Records from a dataset
= = = = = = =

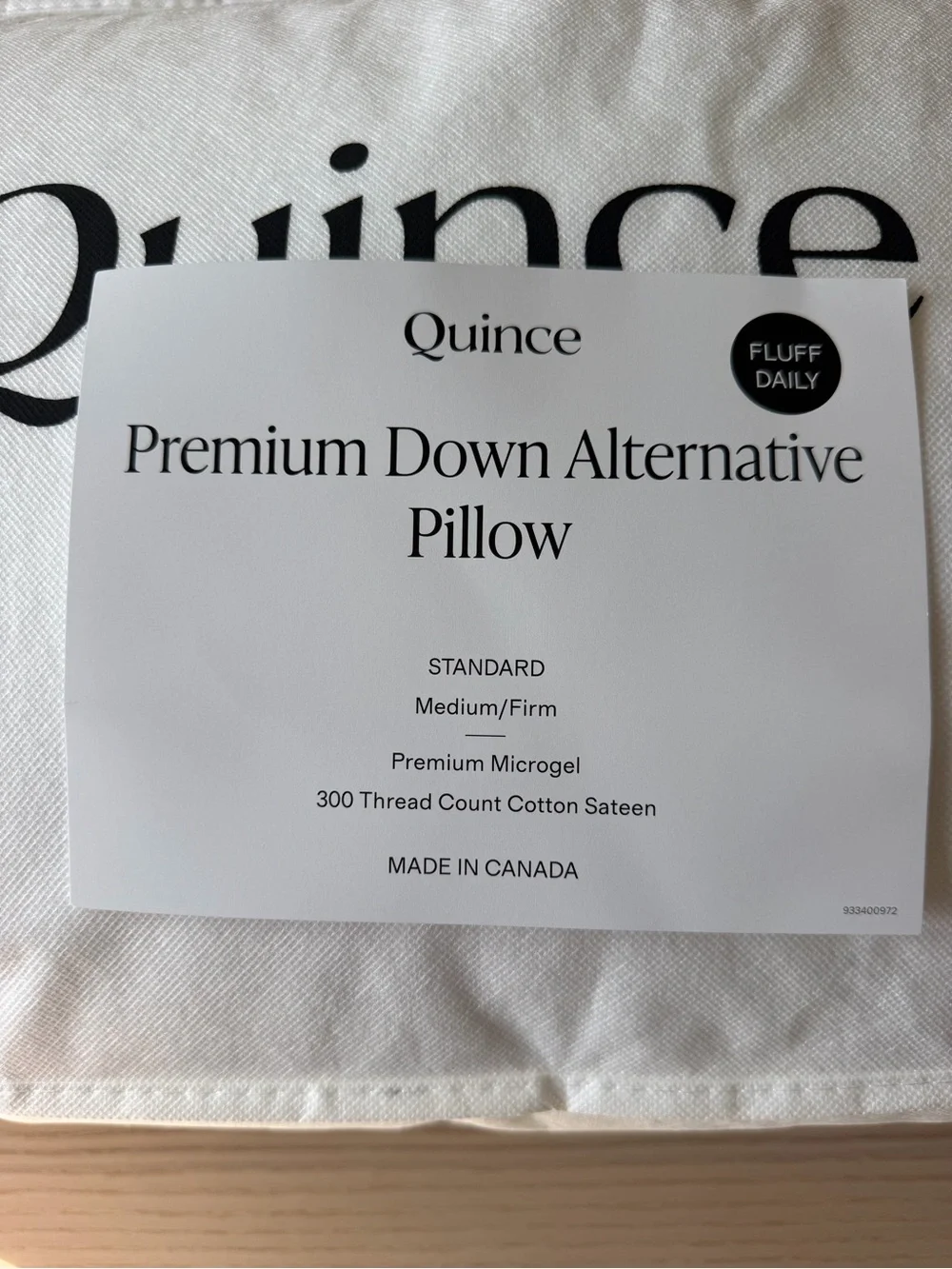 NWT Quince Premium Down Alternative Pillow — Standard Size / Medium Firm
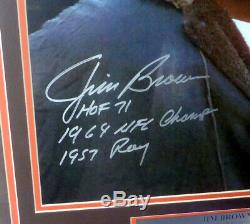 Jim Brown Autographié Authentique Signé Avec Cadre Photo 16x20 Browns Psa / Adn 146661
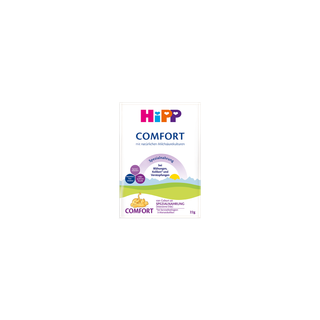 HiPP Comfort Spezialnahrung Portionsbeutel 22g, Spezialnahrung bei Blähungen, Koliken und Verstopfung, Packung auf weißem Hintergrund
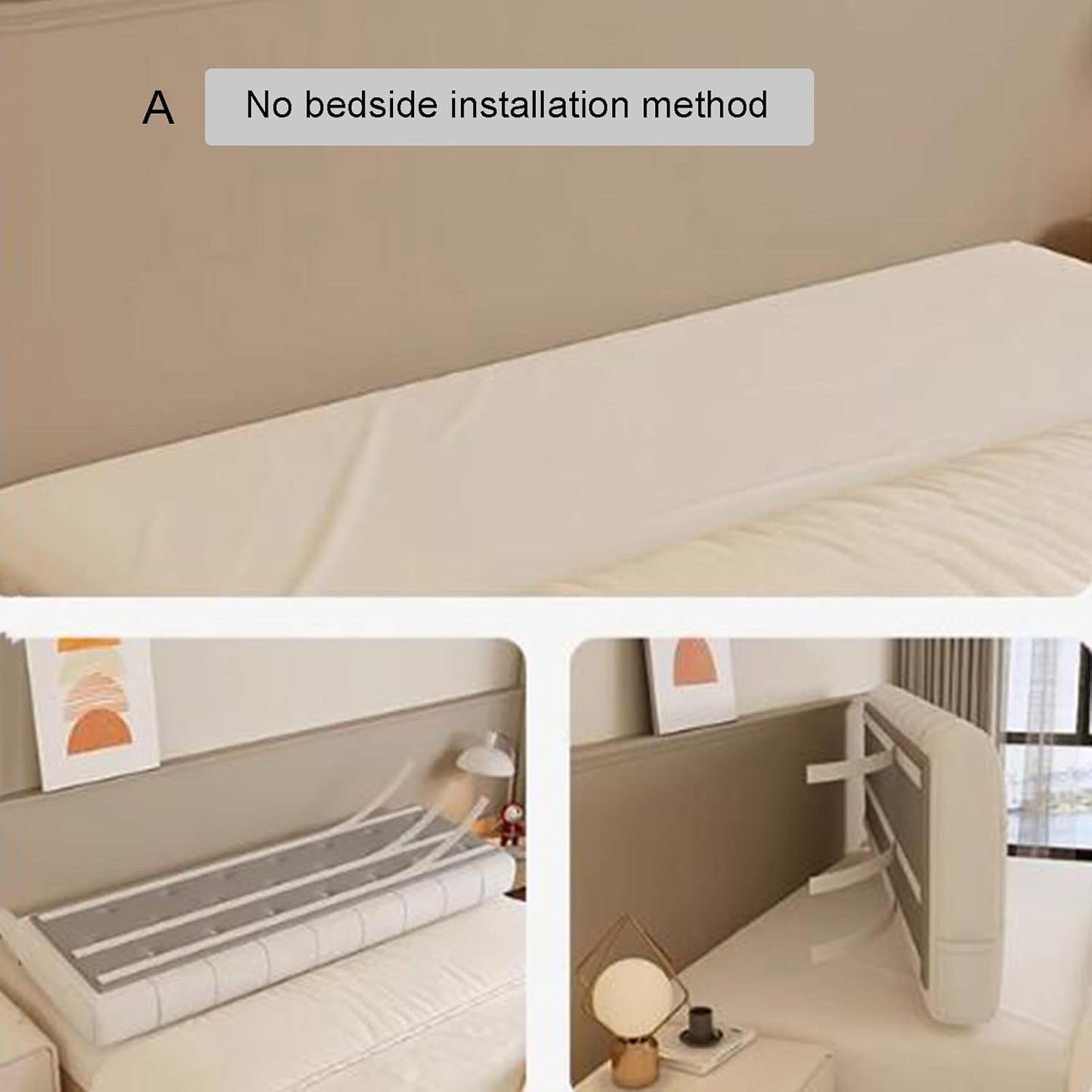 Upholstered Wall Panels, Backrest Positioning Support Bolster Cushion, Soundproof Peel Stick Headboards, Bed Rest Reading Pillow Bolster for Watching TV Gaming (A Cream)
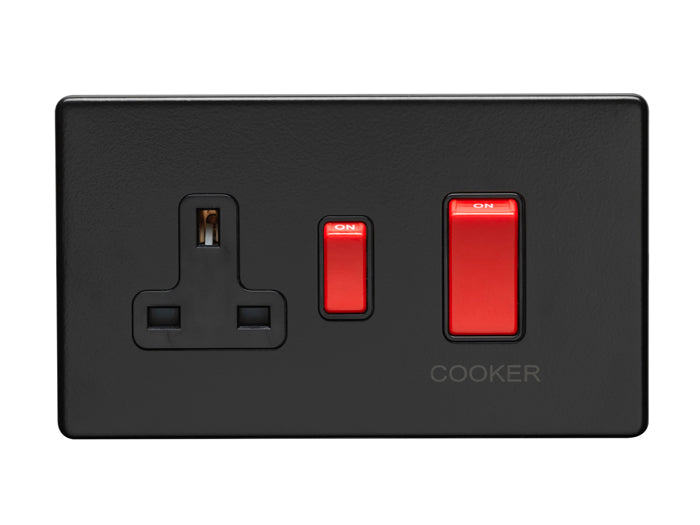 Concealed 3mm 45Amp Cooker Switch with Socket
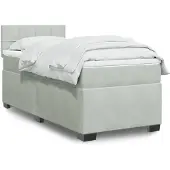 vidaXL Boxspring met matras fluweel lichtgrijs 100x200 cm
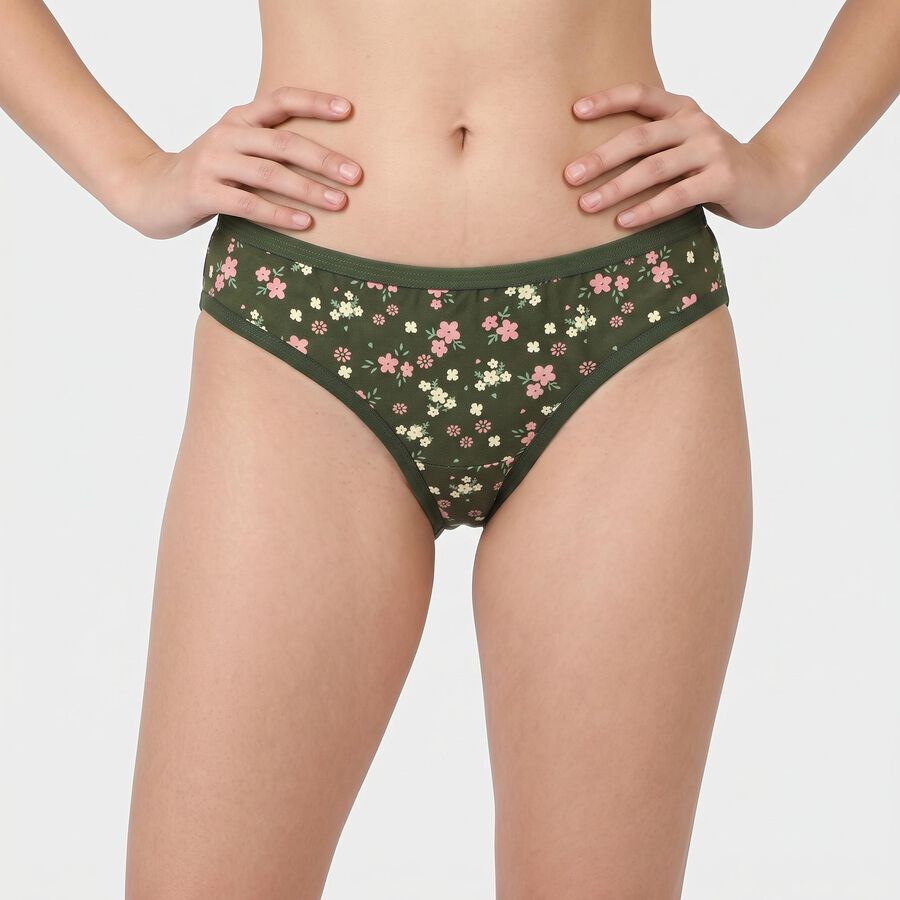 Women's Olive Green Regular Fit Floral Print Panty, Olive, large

= = = = = = =

## [DIRECTIONS]
Print out the records in full and exactly, dropping every picture.

## [EXPECTED ANSWER]
 NWT Quince Premium Down Alternative Pillow — Standard Size / Medium Firm
 Jim Brown Autographié Authentique Signé Avec Cadre Photo 16x20 Browns Psa / Adn 146661
 HiPP Comfort Spezialnahrung Portionsbeutel 22g, Spezialnahrung bei Blähungen, Koliken und Verstopfung, Packung auf weißem Hintergrund
 Upholstered Wall Panels, Backrest Positioning Support Bolster Cushion, Soundproof Peel Stick Headboards, Bed Rest Reading Pillow Bolster for Watching TV Gaming (A Cream)
 Concealed 3mm 45Amp Cooker Switch with Socket
 vidaXL Boxspring met matras fluweel lichtgrijs 100x200 cm
 Women's Olive Green Regular Fit Floral Print Panty, Olive, large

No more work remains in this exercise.